I've never really done much PVP, especially FPSs, and I'm pretty terrible but this has been a lot of fun and I could see myself playing it at launch.
Do they take into account skill level when doing matchmaking? Or am I just going to get my ass handed to me over and over? I do get some kills but I probably die more times than I kill someone LOL. That's one of the reasons I've never played these games.
Everything is going into the account of your skill in SBM in Halo. Your accuracy, damage dealt, assists made, wins, losses, deaths, kills, streaks, I think that they tweaked Halo 5 afterwards (around 2018) that even performance of your positioning in the match goes into the account.
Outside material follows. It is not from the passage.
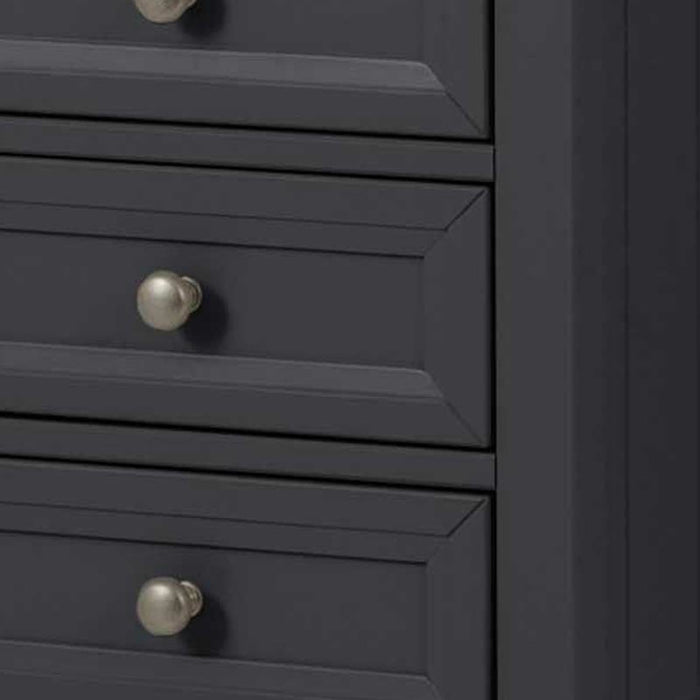 Maine 3 Drawer Bedside Unit Anthracite Lacquer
So it's not if you just win you get those invisible skill points. You can win with shit play and you will get basically +0 skill points and you will remain at the same player pool. It's most visible in ranked, but of course, it works like that in socials too, just not that strict. The Player pool is going wider, during the matchmaking.
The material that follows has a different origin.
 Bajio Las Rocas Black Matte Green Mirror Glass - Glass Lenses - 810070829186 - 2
The Halo 5 system was good in the end and I believe they will transfer it in the future, and one of the rarest examples of how Skills should be distributed during and after the match.
That means, even if you're carried over with good teammates, you probably won't advance, or will until your skill matches your rank and that's it, you will be soft blocked until you git gud.
EDIT: There was a heated discussion on the Waypoint forum a couple of years back on why people can not advance further than diamonds while playing with their teammates. A lot of people raged about that, but when you check their stats, you can see why is it.
For example, I was always on the edge of D/O and I could not get a secured position in Onyx only because I was not playing as frequent and could not maintain my playstyle. The system was dropping me to D5-6 all the time because of being inconsistent. I raged but after going through I think a couple of hundreds of pages of discussion, I realised that it means that the system is working.